How is Alhena's pipeline different from Zendesk AI or Intercom Fin?

Most support-first tools like Zendesk AI and Intercom Fin use simpler data ingestion and fixed-size chunking. Alhena's pipeline adds auto-discovery from a single URL, LLM-driven semantic chunking, hybrid dense+sparse search, five domain-separated vector stores, and atomic version control. These architectural choices, which take minutes to implement, are designed specifically for ecommerce where product catalogs change frequently and search queries mix keywords with natural language. This same pipeline is what makes ecommerce replatforming possible without losing trained knowledge.

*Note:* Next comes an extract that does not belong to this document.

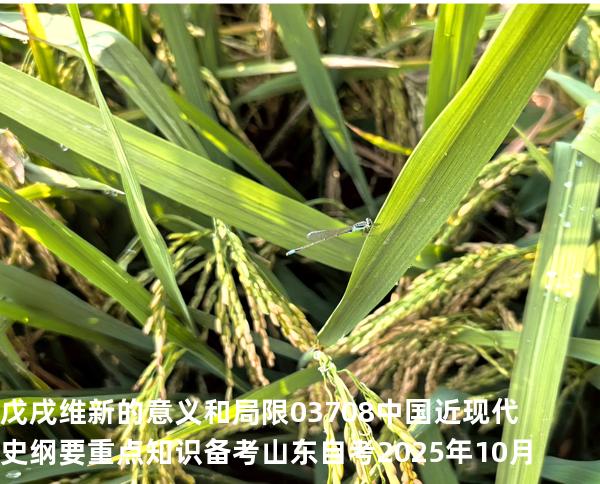 戊戌维新的意义和局限  03708 中国近现代史纲要重点知识   备考山东自考 2025年10月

What data sources can Alhena ingest besides websites?

Alhena includes specialized adapters for over a dozen data sources including GitHub repos, Confluence, Google Drive, Zendesk, Freshdesk, Gladly, Salesforce, Notion, Slack, Discord, and raw CSV/PDF files in S3. Each adapter has its own extraction logic tailored to the source's data model, and all content is normalized to Markdown before chunking and embedding.